Thanks group for giving me the opportunity and the reason to find someone to give this card to.
Hello and Happy New Year, kind people!
Loved reading all these wonderful posts. Sorry I’m a little late to the party.
Every year on Christmas Eve, we go out to eat as a family (and sometimes with a few friends) at a local restaurant. After the meal, we give our server an envelope filled with cash and thank them for working on the night before a major holiday. I always imagine those folks getting home very late and very tired on Christmas Eve.
Every year, the response is the very best gift we could ever RECEIVE. Its always full of hugs and sometimes tears. This year was no exception. I tucked my $20 gift card in with the other money. Our server, Aaron, was very surprised when we explained that we had a gift for him at the end of the meal. He kept saying “You don’t need to do this!”. He walked around the table and hugged each of us, kissing us on our cheeks, telling us each in his thick accent, “God bless you! God bless you!” with his hand on his heart.
Our Christmas Eve dinner tradition is our children’s favorite meal of the year and they are giddy all the way home, recounting that moment of pure human joy and kindness. It was such a sweet time of human connection in the busyness that is New York City living and I am grateful for the extra money from this group to help bless Aaron and his family even a little more this year.
Thanks for the story, @SteveB. I often forget how privileged I am, and that $20 can mean so much.

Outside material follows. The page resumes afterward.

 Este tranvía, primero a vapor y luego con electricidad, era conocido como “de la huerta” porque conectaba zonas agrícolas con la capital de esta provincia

Keeping the card in your pocket throughout your road trip, thoughtfully considering every helpful person you came across, finally giving it to the person you knew was right, and in the end knowing that YOU were the one who was blessed . . . this is exactly why @J.Money and I are setting up the project this way. For people like you, my friend. Much love.

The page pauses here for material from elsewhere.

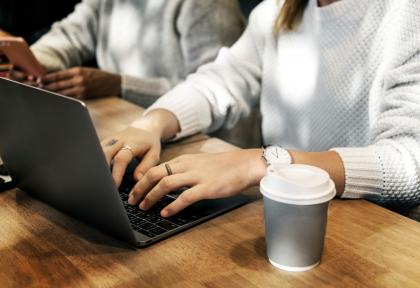 „Jesteś tym, czym nazywasz innych – przeciwko hejtowi w Internecie”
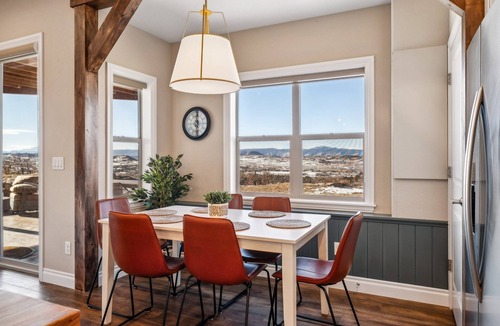Castle Rock House | MAJESTIC SUNSET RETREAT - BREATHTAKING MOUNTAIN VIEWS!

Well obviously I don’t have to tell YOU about who’s the real beneficiary in this setup Thanks so much for participating . . . we’ll get together next time I’m in NYC again
(For all you following along at home, Robyn is the founder of The Birthday Project: http://www.thebdayproject.com/)
This was so amazing to be a part of. My neighbor lost his job a few months ago. He’s been putting in a ton of hours driving for Uber in order to make sure his bills are paid. His has a passion for baking and makes amazing cookies (which we get to share in because he passes his confections over the balcony to our apartment). We have the advantage of being on the inner corner of an “L” in the building, meaning we spend a lot of time chatting. We seriously lucked out on having Brian as a neighbor. I wanted to surprise and delight Brian with something fun to enhance his passion and bring a smile to his face.
I headed out with this little card in hand, making two stops to find the perfect items for this gift. At home, I put my mad wrapping skills to work.
I told Brian that Santa had left something at our house for him. He protested, saying that Santa hadn’t been to his house yet and how could he possibly have left something with us for him.
I waited (impatiently) as he opened his gifts. He was shocked and completely excited. The cookie scoop (one of the most awesome kitchen tools ever) was something he’d been wanting for a while and didn’t even know they made. The cookbook was a total bonus and he’s looking forward to expanding his repertoire and trying some of the cookie bar recipes.
I am grateful to have had the opportunity to take part in RCF December 2016 and brighten Christmas for someone unexpectedly.
A man who knows how to bake cookies is a man who’s okay in my book. Did you know that I also pass cookies to my neighbor from my balcony? Unfortunately, she’s on the ground floor below me, so I should probably walk them down, but I do so enjoy flinging them down in their little baggie, so I continue doing it
I think this was a thoughtfully perfect gift!